Paris ve İstanbul’da atölyeleri bulunan sanatçı Fatma Tülin bir söyleşisinde kendisine yöneltilen “Çalışmalarınızda bakan ve bakılan arasındaki gizemli ve karmaşık ilişkiye odaklanıyorsunuz. Kavramsal olarak bakmak/izlenmek sizin için ne ifade ediyor?'' sorusuna verdiği cevapta şunları söyler:

“Nöro-psikolojiye göre çocuk altı haftalık olduğunda bakış oluşuyormuş, seçilen bir odağa, etrafa kapalı bir biçimde bakmaya ancak o zaman başlanırmış. Roland Barthes, insan ruhunun bu altı haftada oluşabileceği gerçeğine değiniyor. Gözün ve bakışın ruhun penceresi olduğu deyişini anımsatıyor bu durum. Bence ruh ve düşünce bakışta kristalize oluyor.

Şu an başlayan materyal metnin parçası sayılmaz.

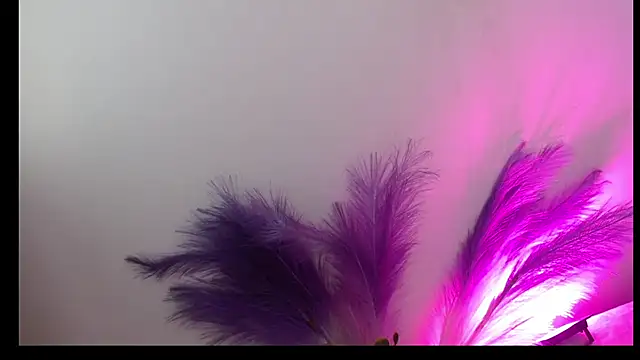 Queen_Rousee Adlı Modelin Canlı XXX Sohbeti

Bir insanla ilgili ilk izlenimlerimiz bakıştan geçiyor. İlişkilerin yönünü bakış belirliyor. İzlenmek her durumda çok tedirgin edici bir konum, benim için tutsaklıkla eşdeğer. Bakışların gücü var, olumlu ve olumsuz anlamda... Bakana kıyasla, bakılanın pozisyonu daha edilgen ve belirsiz. Bakış doğruyu barındırır mı, bakıştan gerçeğe ulaşabilir miyiz?’’

İç dünyandaki güzelliklerin dışa güzel bakışlarla ve sözlerle yansıması ilişkilerimizin de güzelliğini pekiştireceği kanısındayım.

 *Doğru cevap: 15 pas

Peki, ortada gezinen gorili gördünüz mü? Deneye katılan 192 katılımcının yarısı kostümlü figüranı göremedi, yani göremediyseniz, yalnız değilsiniz.

26 Ağustos 2021

Heybeliada

Kaynak:

People with creative personalities really do see the world differently (theconversation.com)

“Göz ve Bakış Ruhun Penceresini Oluşturur” - Deniz Şenliler | Artful Living

Yorumlar
Kalan Karakter 800
Melih HUNDUR
Teşekkür ederim. İlgiyle okudum değerli ağabeyim. "Bakış" oluşumunda eğitim, okuma alışkaanlığı, sosyal çevre vb çevresel etkenlerin de belirleyici olduğunu düşünüyorum Ben 13 pas saymakla birikte gorili net olarak gördüm. O sırada 2 pası kaçırmış olmalıyım :)
Esra Koc
Bakmak ile görmenin her zaman farklı olduğu hepimiz için bir gerçek. Kimimiz güzelliği fark eder kimimiz gerçeği..Ben 15 pas saydım ve Gorilide hemen gördüm ona beyazın pas atacağını düşündüm ki algı olsun ama atılmadı.Gercek olanı görmüşüm ne mutlu bana 😊 Sevgiler
Mustafa Kemal Baş
Fethi abi ben 13 saydim.ortada dolasan gorilide ikinci defa seyrettikten sonra farkettim.cok ilginc.
Cuneyt Çevik
Sevgili dostum,eline sağlık,değişik bir noktaya,değinen yazın güzel olmuş.Test de de.14 pas saymışım😔 Güzel yazıların devamını bekliyoruz.